* [Description of the task]: The output should match, line for line, the records from the line containing "خرید و دانلود" through the line containing "Игорь Дасиевич Шиповских.", with every picture left out.
(Data shown Opens)
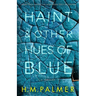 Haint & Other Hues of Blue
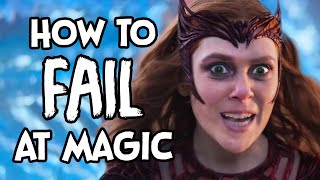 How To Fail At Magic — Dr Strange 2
(Data shown Closes)
(Data shown Opens)
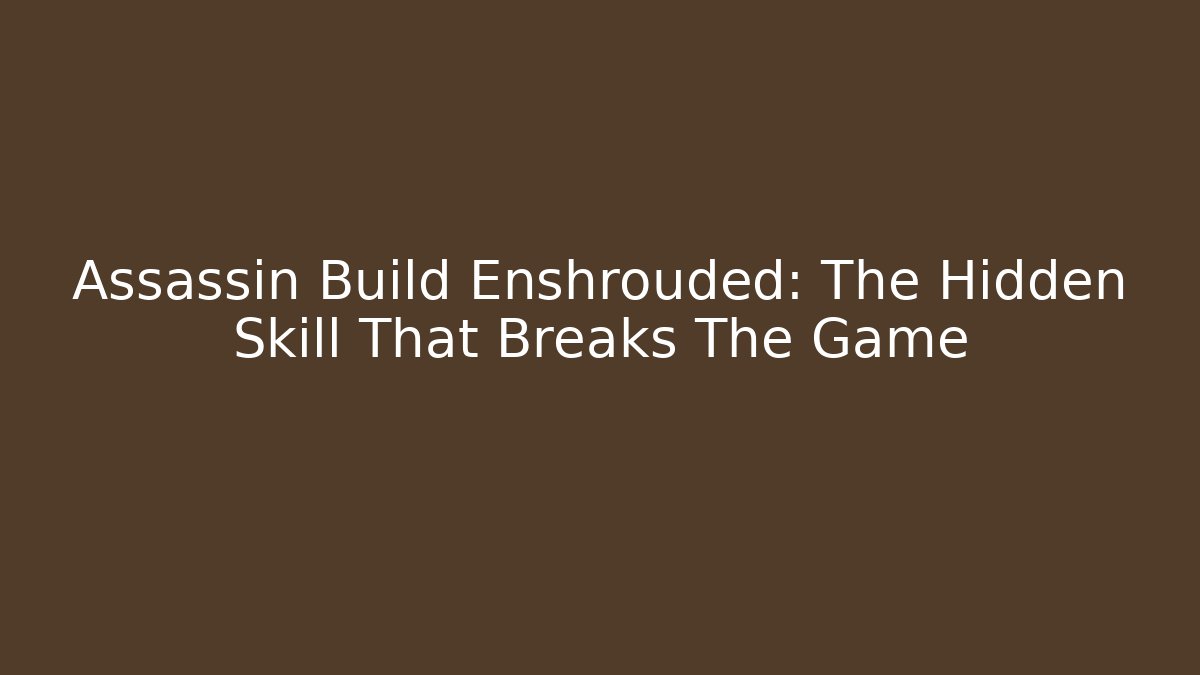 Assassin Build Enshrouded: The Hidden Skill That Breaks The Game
(Data shown Closes)
(Data shown Opens)
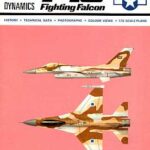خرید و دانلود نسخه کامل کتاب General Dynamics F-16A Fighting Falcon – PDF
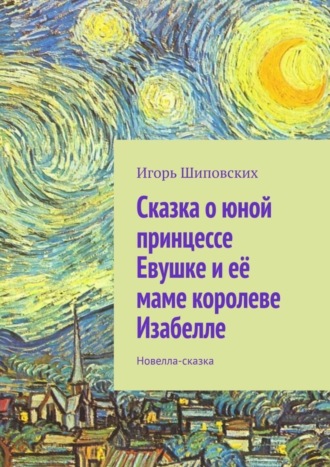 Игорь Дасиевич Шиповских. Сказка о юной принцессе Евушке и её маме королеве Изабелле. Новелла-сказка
(Data shown Closes)
* [Task response]:
خرید و دانلود نسخه کامل کتاب General Dynamics F-16A Fighting Falcon – PDF
 Игорь Дасиевич Шиповских. Сказка о юной принцессе Евушке и её маме королеве Изабелле. Новелла-сказка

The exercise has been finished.